Imagine that I have an object that's on a list rooted in a namespace and that
I have a lot of these objects. Imagine further that any time I want to put a
ref on one of these objects, it's in a context that has the namespace pinned.
I therefore don't need to store a pointer to the namespace in every object
because I can pass that in to the put function
Indeed, I can still access the namespace even after the decrement didn't
reduce the usage count to 0 - say for doing statistics.
> What would kref_dec_and_test() be needed for?
Why do you need kref_put() to take a destructor function pointer? Why cannot
that be replaced with, say:
static inline bool __kref_put(struct kref *k)
{
return refcount_dec_and_test(&k->refcount);
}
and then one could do:
void put_foo(struct foo_net *ns, struct foo *f)
{
if (__kref_put(&f->refcount)) {
// destroy foo
}
}
that way the destruction code does not have to be offloaded into its own
function and you still have your pattern to look for.
For tracing purposes, I could live with something like:
static inline
bool __kref_put_return(struct kref *k, unsigned int *_usage)
{
return refcount_dec_and_test_return(&k->refcount, _usage);
}
and then I could do:
void put_foo(struct foo_net *ns, struct foo *f)
{
unsigned int u;
bool is_zero = __kref_put_return(&f->refcount, &u);
trace_foo_refcount(f, u);
if (is_zero) {
// destroy foo
}
}
then it could be made such that you can disable the ability of
refcount_dec_and_test_return() to pass back a useful refcount value if you
want a bit of extra speed.
Or even if refcount_dec_return() is guaranteed to return 0 if the count hits
the floor and non-zero otherwise and there's a config switch to impose a
stronger guarantee that it will return a value that's appropriately
transformed to look as if I was using atomic_dec_return().

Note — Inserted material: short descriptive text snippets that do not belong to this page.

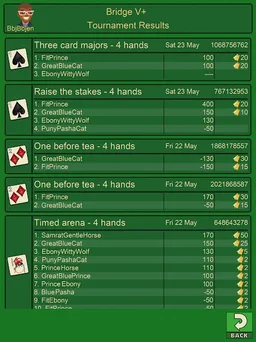 Bridge V+ fun bridge card game screenshot 19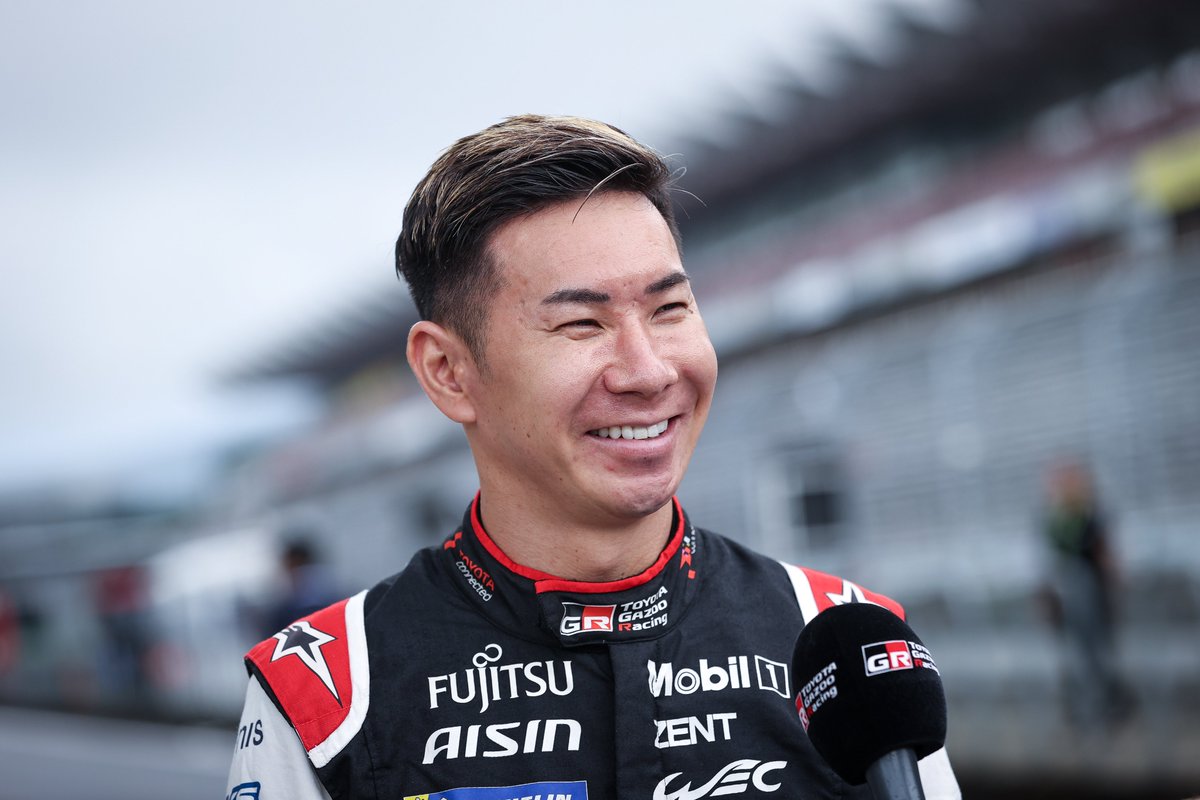 'We can’t wait to race against new competition in Hypercar.' 👀 Check out @kamui_kobayashi's recent Q&A with @FIAWEC. 👇 fiawec.com/en/news/kobaya… #ToyotaGAZOORacing #GoHyper #FIAWEC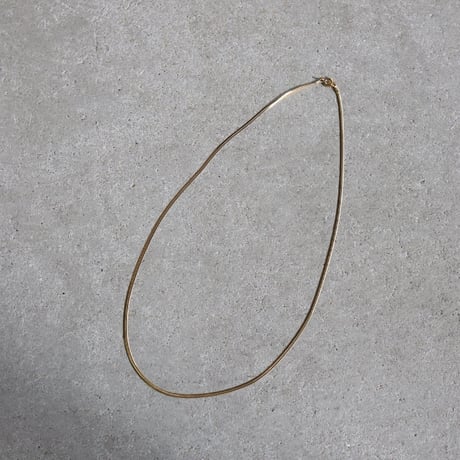 TEN. 正規商品 ユニセックス アクセサリー テン スネーク ネックレス シルバー/ゴールド【即日発送】(nem-0005)(ned-0005)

Similarly for refcount_inc_return() - it could just return gibberish unless
the same config switch is enabled.
Question for AMD/Intel guys: I'm curious if LOCK DECL faster than LOCK XADD -1
on x86_64?
> > Why doesn't refcount_t get merged into kref, or vice versa? Having both
> > would seem redundant.
>
> kref uses refcount_t and provides a different functionality on top of
> it. Not all uses of a refcount in the kernel is for object lifecycle
> reference counting, as you know :)
I do? I can't think of one offhand. Not that I'm saying you're wrong on
that - there's an awful lot of kernel.